Let's now shrink our perspective, from planets and particles down to the world of chemistry. Inside a beaker, a complex network of reactions is taking place. The concentrations of different chemical species, let's call them X, Y, and Z, might oscillate in time, sometimes in a predictable, periodic way, and sometimes in a wild, chaotic fashion. A chemist wants to understand this system, to write down the set of differential equations—the "rate laws"—that govern how fast each species is created or destroyed. This is a formidable task.

Here again, symbolic regression can act as a powerful assistant. We can measure the concentrations $[\text{X}]$, $[\text{Y}]$, and $[\text{Z}]$ over time and then ask the algorithm: "Find an equation for the rate of change of Y, $\frac{d[\text{Y}]}{dt}$, as a function of the concentrations $[\text{X}]$, $[\text{Y}]$, and $[\text{Z}]$."

The machine whirs away and, after analyzing the data, might propose several candidate models that all seem to fit the observations quite well. This is where the story gets interesting, as it reveals the crucial partnership between the algorithm and the scientist. The machine, guided only by mathematics, might present an equation like: $\frac{d[\text{Y}]}{dt} = k_1 [\text{X}] - k_2 \frac{[\text{Y}]}{[\text{Z}]}$ This equation might fit the data beautifully. But a chemist would raise an eyebrow. Elementary chemical reactions happen when molecules collide. The rate of a reaction, according to the principle of mass-action kinetics, should be proportional to the probability of the necessary reactants meeting. This means the terms in our rate laws should look like products of concentrations, like $k[\text{X}][\text{Y}]$, corresponding to a collision of an X and a Y molecule. A term like $[\text{Y}]/[\text{Z}]$ doesn't correspond to a simple physical collision. It's chemically implausible.

The algorithm might also propose another model: $\frac{d[\text{Y}]}{dt} = k_1 [\text{X}]^2 - k_2 [\text{X}][\text{Y}]$ Now the chemist smiles. This is a language she understands. The term $+k_1[\text{X}]^2$ could represent a reaction where two molecules of X collide to produce a molecule of Y ($2\text{X} \to \text{Y} + \dots$). The term $-k_2[\text{X}][\text{Y}]$ could mean that a molecule of X and a molecule of Y collide and consume Y ($\text{X} + \text{Y} \to \dots$). Both terms represent physically plausible bimolecular reactions.

This example teaches us a profound lesson. Symbolic regression is not an oracle that simply hands us truths. It is a hypothesis generator of extraordinary power. It can explore a vast space of mathematical possibilities, many of which a human would never have the time or imagination to investigate. But its output must be filtered through the lens of human knowledge and physical intuition. The algorithm sees patterns; the scientist sees meaning. The process is a dialogue, a synergy between the unbiased brute-force search of the machine and the deep, principled understanding of the expert.

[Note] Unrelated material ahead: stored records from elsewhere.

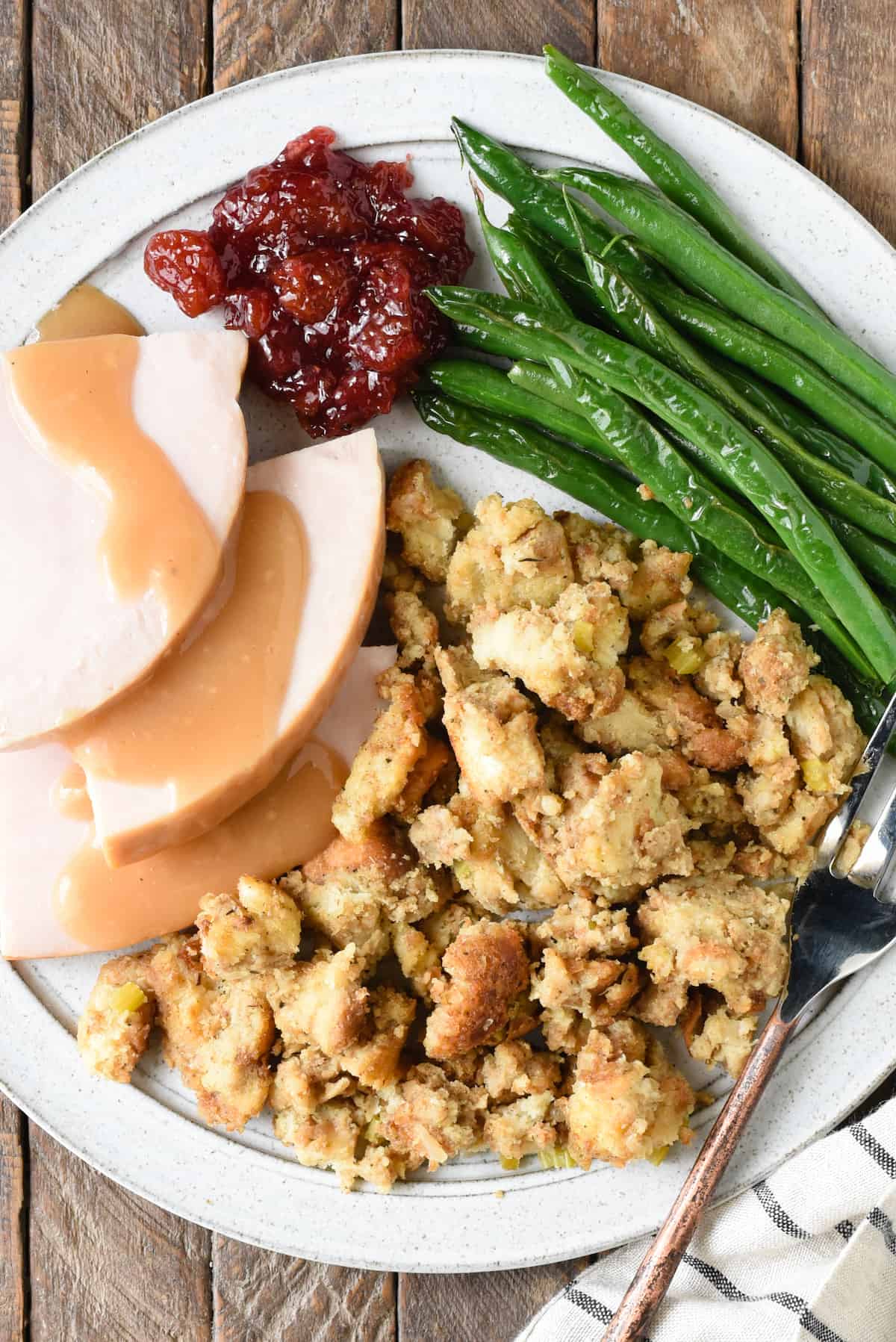Plate of Thanksgiving dinner, with turkey and gravy, bread stuffing, cranberry sauce and green beans.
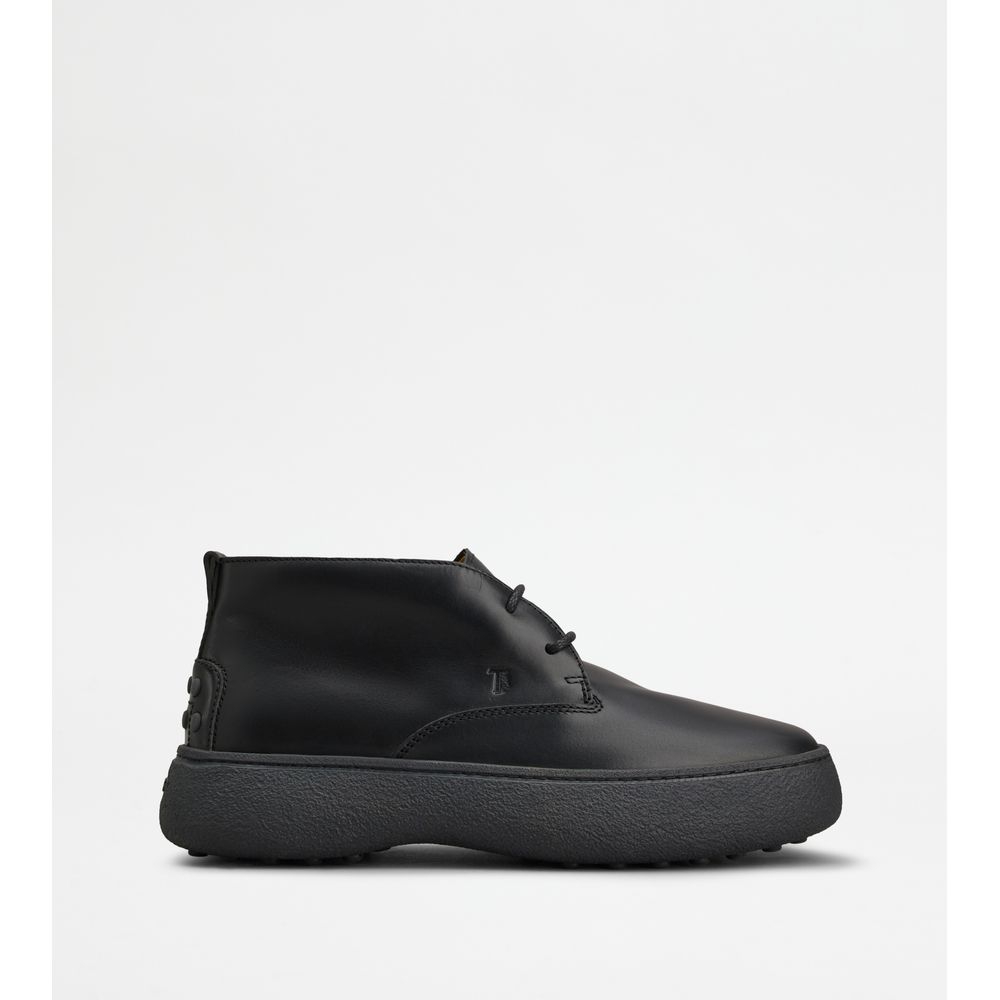 

Ботинки Tod's WG Heritage Desert из кожи, черный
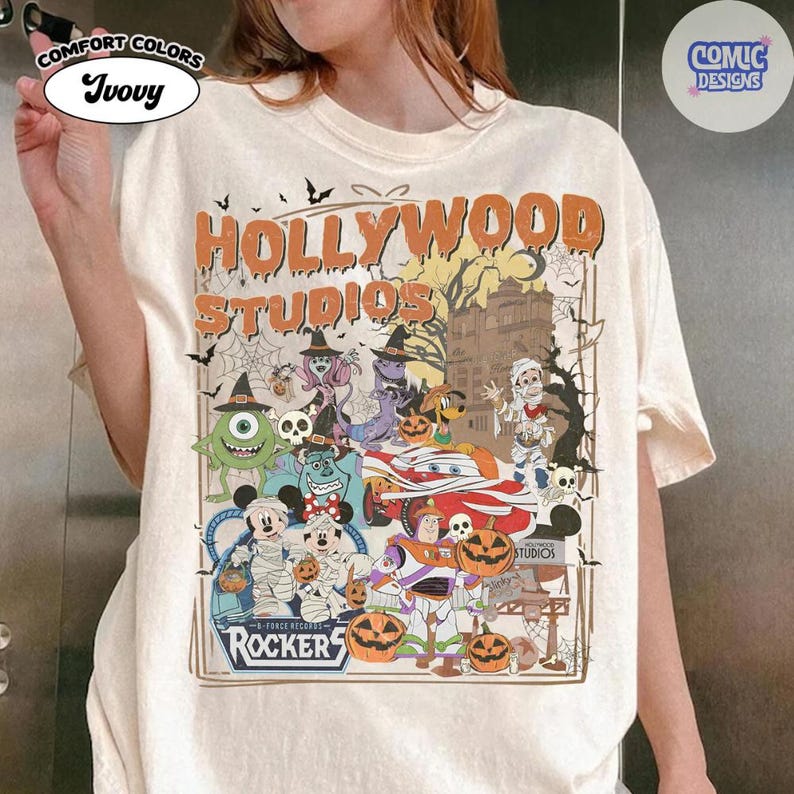 K&ouml;nnte beinhalten: Ein elfenbeinfarbenes T-Shirt mit einem Grafikdruck, der den Text "HOLLYWOOD STUDIOS" und "ROCKERS" enth&auml;lt. Das Design zeigt verschiedene Zeichentrickfiguren in Halloween-Kost&uuml;men, K&uuml;rbisse, Spinnennetze und die Silhouette eines Geb&auml;udes.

From the cosmos to the test tube, we see a unifying theme. The universe is governed by mathematical laws, some simple, some complex. For centuries, uncovering these laws has been the exclusive domain of the human mind. Now, we have a new kind of partner in this grand quest. By giving machines the ability to speak the language of mathematics and search for its grammar in the book of nature, we haven't replaced the scientist—we have empowered them. We have built a tool that can help us find the hidden harmonies in the data, leaving us to do what we do best: wonder what they mean.